November 2003: Chuck Wood uses a stun gun on his estranged wife and takes his 7-month-old son. Grand Prairie police wait two days to issue an Amber Alert, and they issue the alert only after Mr. Wood said through an attorney that he would rather die than give up his son. Officials hesitate to issue the alert because it was believed Mr. Wood had taken the child as part of a custody dispute. Amber Alert criteria urge law enforcement officials to avoid using it every time an estranged parent takes a child from his or her spouse. Mr. Wood safely returned the baby six weeks later.

April 2004: The Justice Department issues "Guidance on Criteria for Issuing Amber Alerts." The guidelines say agencies should issue an alert only when a child has been abducted, is believed to be in danger and when there is enough information available to facilitate the public's help in locating a victim or suspect.
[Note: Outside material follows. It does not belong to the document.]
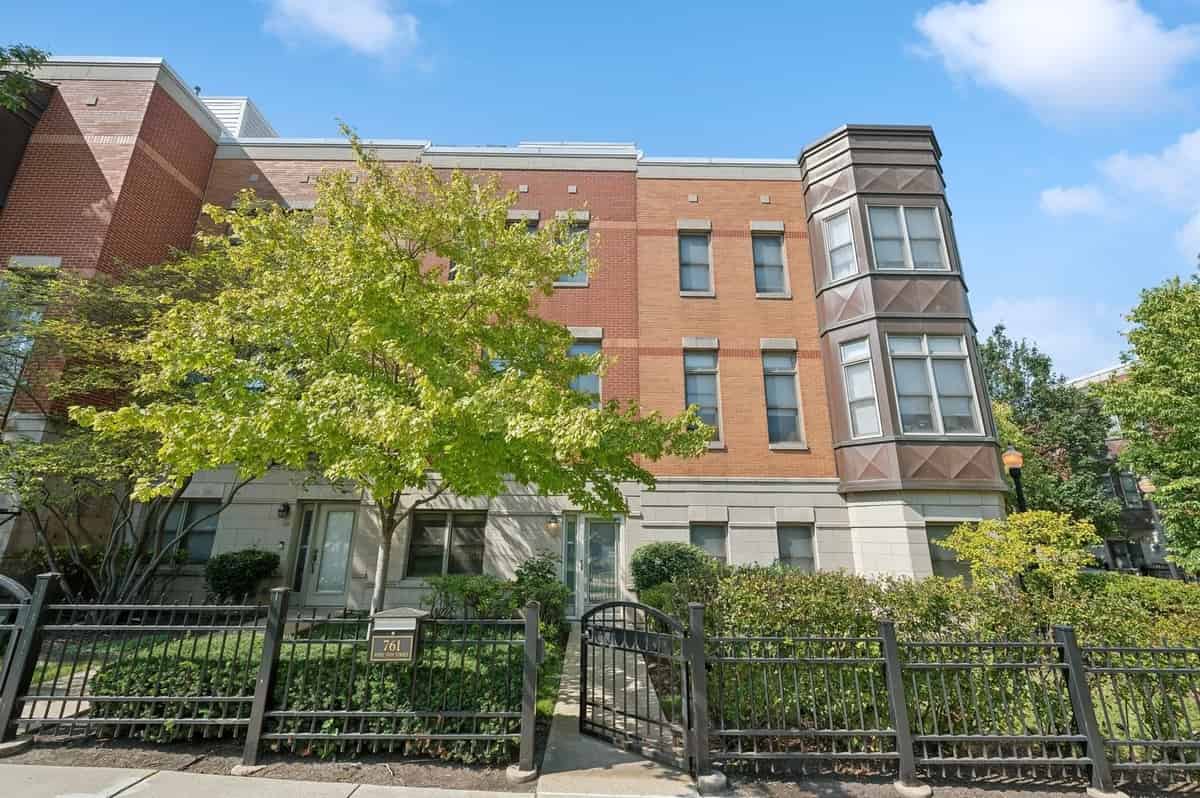 a brick apartment with a fence in front of it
February 2005: Hawaii becomes the 50th state to implement an Amber Alert program.

January: Regina Schofield, the U.S. assistant attorney general for the Office of Justice Programs who serves as the national Amber Alert coordinator, said she would continue to find ways to expand the Amber Alert effort, including working with the private sector to allow alerts to be transmitted to cellphones. Currently, if a cellphone is capable of receiving text messages, and a wireless carrier participates in the Wireless Amber Alerts Initiative, users can register to receive the alerts at www.wirelessamberalerts.org.

NATIONAL AMBER ALERT AWARENESS DAY

The U.S. Department of Justice will sponsor a special ceremony in Washington today to unveil a new postage stamp recognizing the Amber Alert. Officials also are encouraging every state today to sponsor activities related to missing and abducted children.

As part of the observance, state Amber Alert coordinators are working with schools across the country to kick off a missing children poster contest to raise students' awareness about keeping safe.

A toolkit containing materials to help communities participate in Amber Alert Awareness Day and is available at www.amberalert.gov.

Laurie Fox

ISSUING AN ALERT

The U.S. Justice Department recommended the following criteria for issuing an Amber Alert:

• Law enforcement has a reasonable belief that an abduction has occurred.

• The law enforcement agency believes that the child is in imminent danger of serious bodily injury or death.

• Enough descriptive information exists about the victim and the abduction to assist in the recovery of the child.

• The child is 17 years old or younger.

• The child's name and other critical information have been entered into the National Crime Information Center system.